Cook available in the guesthouse.
Location: at a height of 2,300 ft. Four-wheelers have easy access.
The Tata Steel guesthouse at the Dalma peak with two AC bedrooms is mainly for company officials.
Pocket watch
Sanctuary: Rs 10 entry fee per person, Rs 20 for a car, Rs 15 for a camera.
Forest guesthouse room rate: Rs 300
The ride was rough, but I was half-expecting it. After all, I was visiting a sanctuary that never inspired the likes of Rudyard Kipling or Jim Corbett to create a world of words and conjure thrilling pictures in prose that would draw us to share their love for forests.
Around 20 km from Jamshedpur on metalled road and another 17 through a dirt track that elbows sharply to the right, is Dalma Wildlife Sanctuary.
It was high noon in June when my car finally reached the sanctuary gates. I had another 15 km to go to reach the top of a hill and a temple, which we could see as a speck in the skyline, where, if my nerves held out, I would spend the night.
Climbing the carrousel route, we came across gamboling monkeys, a hawk and a sign that read something like: “Elephants have right of way”. Yeah!
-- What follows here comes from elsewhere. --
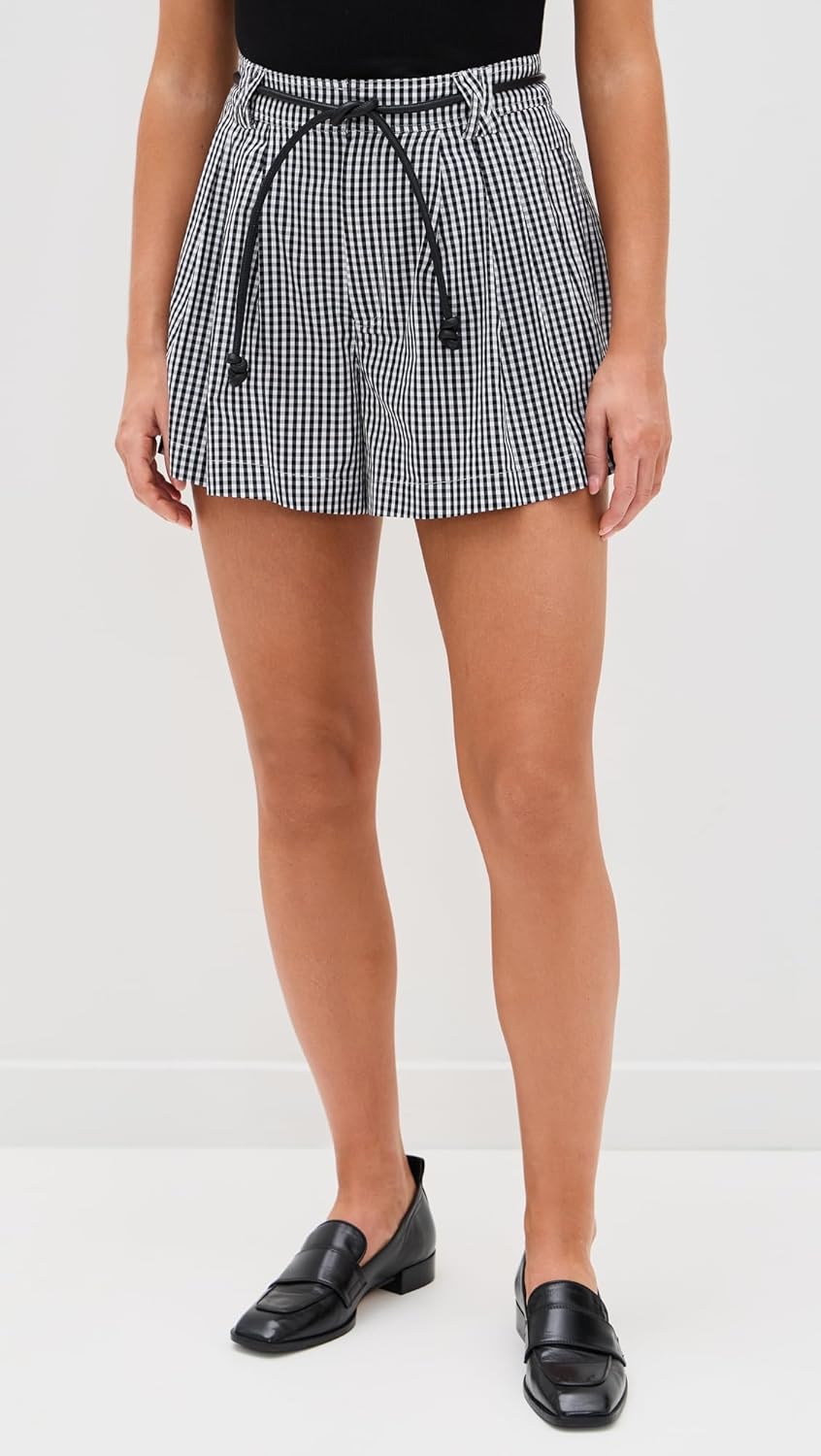 Sea Women's Neci Gingham Shorts with Belt - Image 2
As if I did not know.
But, elephants or no elephants, the jungle was enchanting. Spider webs glinted wherever shafts of light penetrated the thick tree cover. The seductive blend of damp earth and nameless wild flowers in full bloom pervaded the refreshingly cool afternoon air, alive with the deafening symphony of thousands of crickets chirping in accompaniment to the songs of myriad birds hidden in the forest canopy. Speaking of smells, a pungent odour my system failed to recognise, assailed my nostrils. The car slowed down.
“Jumbo scat,” the driver exclaimed.
I was scared and felt no shame in admitting it.
There were elephants in the vicinity and we had four more km to go.
Mercifully, the pachyderms preferred to leave us alone throughout our trip. Around 4.30 pm, and we had reached the temple. A head peered from the window of an adjacent shack that I later came to know was a forest office.
“Haathi dikha? (Seen any elephants)” the man asked.
“No. I was content seeing their droppings,” I retorted.
“Chaliye, dikha lata hoon.”
We set off downhill. A couple of kilometres back, a turn-off leads to the right. The car protested as branches of plants and long tendrils of creepers whipped its body. Fifteen minutes later, the man signalled the car to stop. I got off. Only some 200 metres away, in a clearing that housed a reasonably large lake, was a herd of elephants. Oblivious to our presence, the calves splashed around in the water while the more sombre adults went about drinking and drenching themselves with trunks full of water, as our voluntary guide put it, “freshening up before their nightlong dinner”.
Leaving the elephants to their devices in an idyllic world, I headed back to the realm of chaos I had been taught to call home.